Babita has endorsed the narrative about protecting women’s honour from ‘outsiders’ without realising her own outsider status in Gujarat. Srimukti, disdainfully called an outsider and outcaste in Patiala, is playing a game fighting intruders in Kashmir. The narrative of throwing out intruders to save the Hindu rashtra is integral to the ‘education’ being imparted to the young tribal girls spirited away from home. Even when they themselves, ironically, bec­ome outsiders in the process.

The Bodo and adivasis girls, taken away from their homes, have now emb­raced patriarchal ideas of honour, sati and jauhar instead of turning to their own brave tribal women warriors like Tengfakhri, who fought criminals in the British era instead of committing suicide like the Rani of Chhota Kashi. The ‘bravery’ being instilled in these girls is limited to the Sangh’s Hindu state-building efforts as wives, mothers, recruiters and sometimes propagandists.  They return home indoctrinated and embittered, their teenage rebellion channelised into radical religiosity.

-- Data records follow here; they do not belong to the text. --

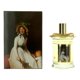 thumbnail image 1 of Perfume Parfums MDCI l'aimee Eau de Parfum 75 ml para unisex, 1 of 1
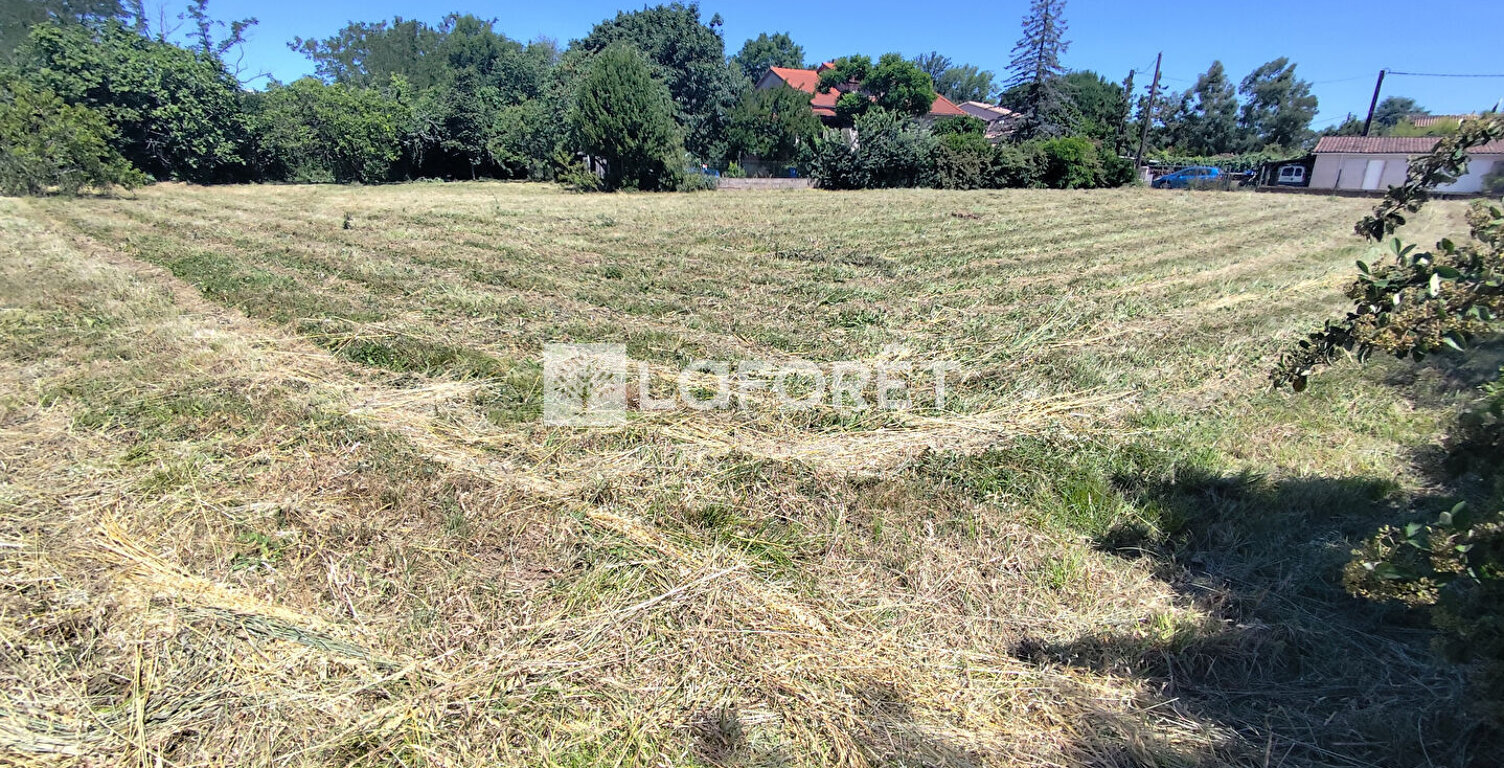 LESCURE D'ALBIGEOIS — photo 1
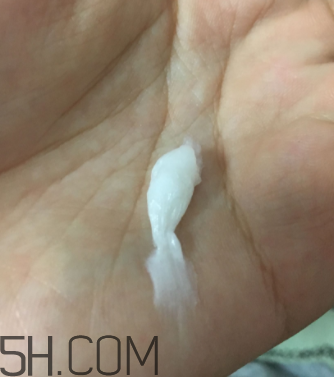 露得清綿密洗面奶怎么樣？露得清綿密洗面奶好用嗎？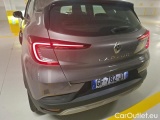 Renault  Captur 1.6 E-TECH 145 BUSINESS - 21 #38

In the last two decades, the Bodoland territory has seen high penetration by Christian missionaries. The SC order men­tioned earlier in this report was an ind­icator of  such involvement and trafficking of children. The Sangh parivar has emulated a similar model—and gone a step further—in a grand social agenda that seeks to ensure a permanent ‘Hinduised’ vote for the BJP, which, with its allies, has now come to power for the first time in the state. Sangh outfits have now created an atm­osphere of terror to eliminate all possibility of dissent among grassroots activists.

A leading child rights activist from Kokrajhar says, “Prominent children’s aid organisations, such as Unicef,  emphasise on improving social conditions within the children’s local setting, rather than upro­oting them. But the RSS is arm-twisting activists and parents and brazenly flouting laws to send children away for indoctrination. Moreover, with the new BJP government at the Centre and in Assam now, no one wants to touch this case of trafficking of 31 girls as the RSS is involved.”

And he adds, laughing, “Guess this is the real idea behind PM Modi’s flagship progr­amme for girls—Beti bachao, beti padhao!”

Runumi Gogoi, chairperson of the ASCPCR, says, “If they want to educate the girls, protect them and help in their overall development, why not undertake this noble cause in Assam? Why do they have to be taken to Punjab and Gujarat? It’s even more bewildering how these girls are not able to meet their parents, talk to them, if they are being taken away for education!”

In conflict-torn Assam, parents, young men and women and children resent their situation—there’s dearth of opp­ortunity and development and poor penetration of state welfare. For the Bodos, there’s now a manufactured hostility to Islam and Christianity, and an artificially heightened hostility to the Santhals and Mundas. Enc­ouraged by the Sangh parivar, institutions of family, religion and patriarchy push naive tribal girls and their parents into a path of indoctrination that encourages incessant conflict. Worse, it strips them of the power to exercise faculties not in line with the elite-caste Hindutva mainstream.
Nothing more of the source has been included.